The album continues to challenge the listener, to greater or lesser success or failure. “Black Is Beautiful” almost feels like they are (as the British would say) ‘having a go’ at the listener with a playful send-up of Afrocentric pride; then I think to myself, no, they are totally sincere, just hopelessly clumsy and even naive about it. From a sociohistorical context, in Brazil or in the US where the phrase “Black is beautiful” was born, there is so much that is just WRONG with this tune that I wouldn’t know where to start. I still can’t honestly say what they were thinking.. This album has plenty of The Brother’s Valle blue-eyed soul on it, but this song has enough exaggerated torch-song drama to it that I just can’t take it too seriously But it’s also too damn intriguing for me to leave it at face value, and its kind of, well, a bit hilarious:

“Hoje cedo na Rua do Ouvidor // Early today on Ouvidor Street
Quantos louras horríveis eu vi // I saw so many horrible blondes
Eu quero uma dama de cor // I want a lady of color
Uma deusa do Congo ou daqui // A goddess from the Congo or from here
(Que se integre no meu sangue europeu) // To blend with my European blood

Black is beautiful (2x)
Black beauty is so peaceful
I wanna a black
So beautiful”

If this is sardonic, then it may be complex commentary on the foundational myths of Brazilian mestizagem (race-making, and often coerced in the master-slave relationship) as the roots of an alleged “racial democracy” that has never existed in reality. Or, perhaps its just completely silly drivel from two blond-haired blue-eyed surfista beach bums. In which case, its still hard to be mad at these guys. It’s just too damn honest and awkward, and the broken English (is this intentional? These guys spent two years living in the States…) only adds to the sense that somebody is mocking somebody else about…something.
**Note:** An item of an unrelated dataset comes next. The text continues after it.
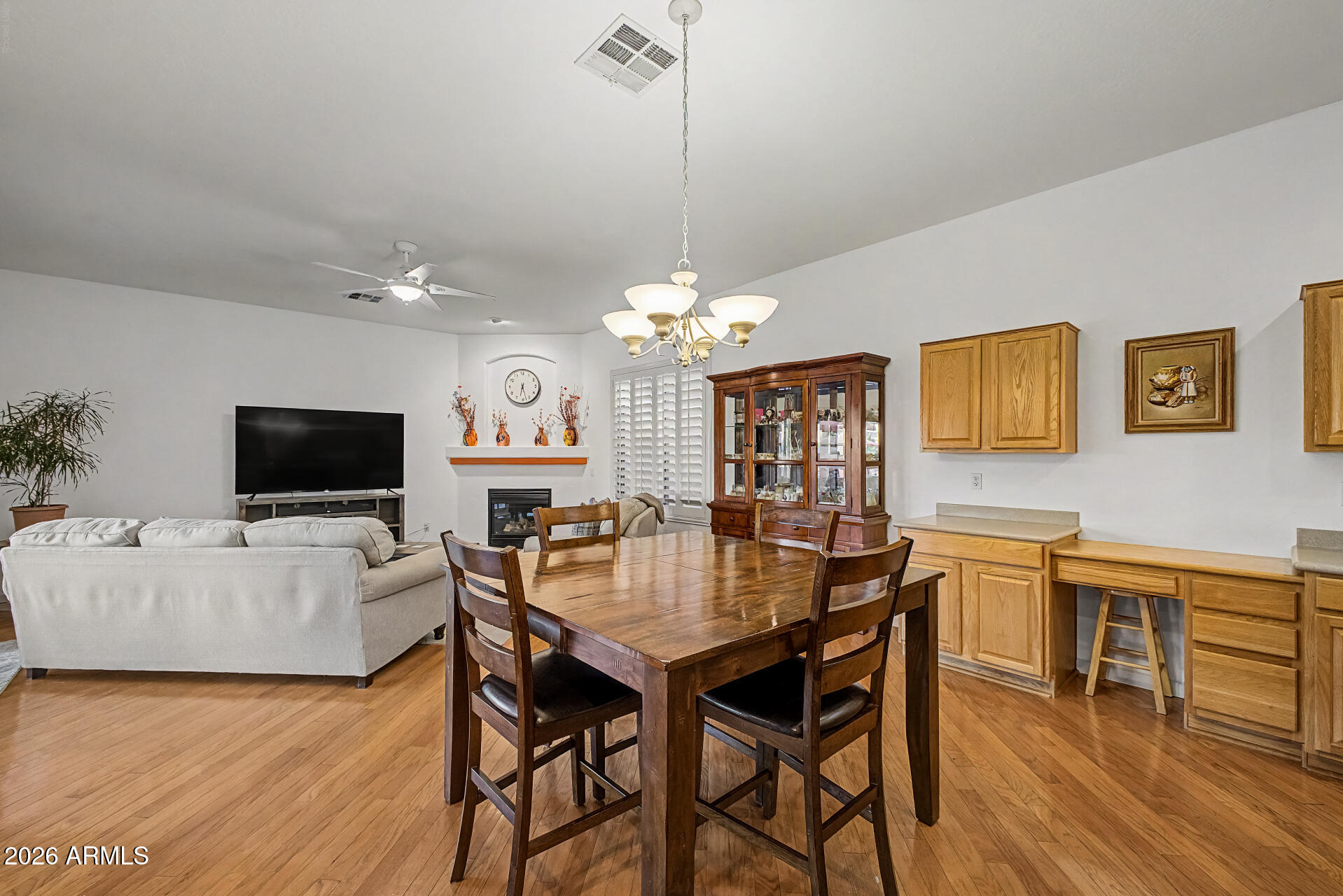 EAGLE CANYON - Residential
Amigo Tom… At this time Tom Jobim had spent quite a few years in the US recording with the likes of Frank Sinatra and producer Creed Taylor (for his CPI label). This song is a simple `welcome home’, things weren’t the same without you, please don’t leave again, yes things have changed here but it will all be okay in the end.. The melody line and chordal structure is a worthy homage to the master of bossa nova.
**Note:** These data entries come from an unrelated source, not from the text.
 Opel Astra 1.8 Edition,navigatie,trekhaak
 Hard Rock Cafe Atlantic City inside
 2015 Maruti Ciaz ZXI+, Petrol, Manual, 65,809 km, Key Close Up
“Paz e futebol” takes up the trope of Brazilian culture a culmination of tropical laziness and a Lusitanian aversion towards work, a critique strongly linked to Anglo-Saxon prejudices against Brazil but just as equally bought into by Brazil’s upper class who looks to Europe (or the US) as their model for “civilzation”. This is a gentle rebuttle without an exclamation point to punctuate its rancor. “Que bandeira” is probably just a song of thwarted, spurned love and the misunderstandings in changing relationships. Or maybe it’s a coded critique of the military dictatorship that the censor`s missed because they thought Marcos and Paulo were harmless pothead surfers at this point.. “Wanda Vidal” is lyrically like the opening of some unwritten mystery novel, but was actually on the soundtrack to a telenovela (Os Ossos do Barão) and musically driven by heavily strummed acoustic guitar, bossa-rock drums, chunks of organ chords and piano, congas.. Apparently this song has some cult status in Europe and the US as Madlib apparently did a remix of it. The following tune “Minha voz vira do sol de América” is, in spite of its possibly megalomaniac title, an understated instrumental based around Marcos or Dom Salvador’s piano and Veraldo Gaspar’s lush arrangement, with a stray female vocal drifting in and out (uncredited, but maybe his wife Ana again?). “Vinte e seis anos de vida normal” – this song couldn’t possibly have a cooler introduction of vocal harmonies, strings, followed by strong propulsive drums, erogenous arrangements, and more of Paulo’s lyrical talent in narrating another disaffected, alienated young person who feels they’ve spent their life reading newspapers and watching TV, wishing he’d done things he hadn’t, regretting things he had, until he comes across an announcement in the paper that mentions that he has died, um, reading the newspaper, followed by a stanza of millenarian hyperbole too good to spoil.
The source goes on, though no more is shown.